**Data provided**
= = = =
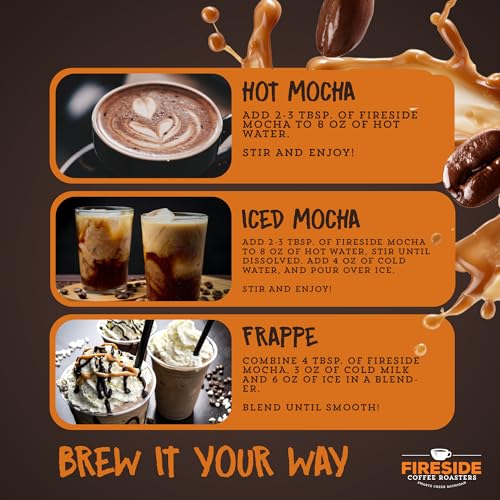 Fireside Coffee Irish Cream Cafe Mocha - Premium Instant Mix, 8oz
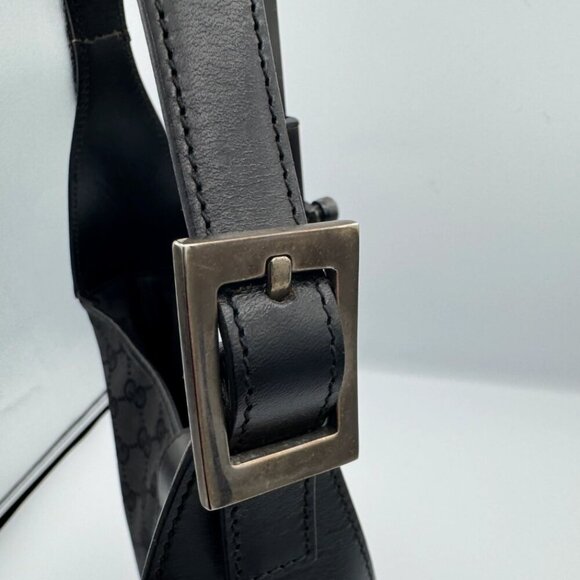 GUCCI JACKIE GG BLACK LEATHER CANVAS SHOULDER BAG - VERY GOOD CONDITION - Picture 5 of 10
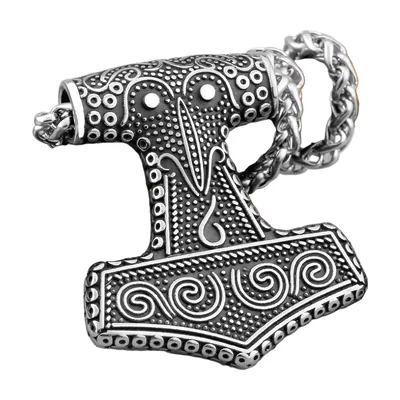 Thors Hammer Mjölnir Anhänger mit Panzerkette, Edelstahl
= = = =
**Your assignment**
Exclude the pictures, and transcribe all of the material exactly.

**Result of this task**
 Fireside Coffee Irish Cream Cafe Mocha - Premium Instant Mix, 8oz
 GUCCI JACKIE GG BLACK LEATHER CANVAS SHOULDER BAG - VERY GOOD CONDITION - Picture 5 of 10
 Thors Hammer Mjölnir Anhänger mit Panzerkette, Edelstahl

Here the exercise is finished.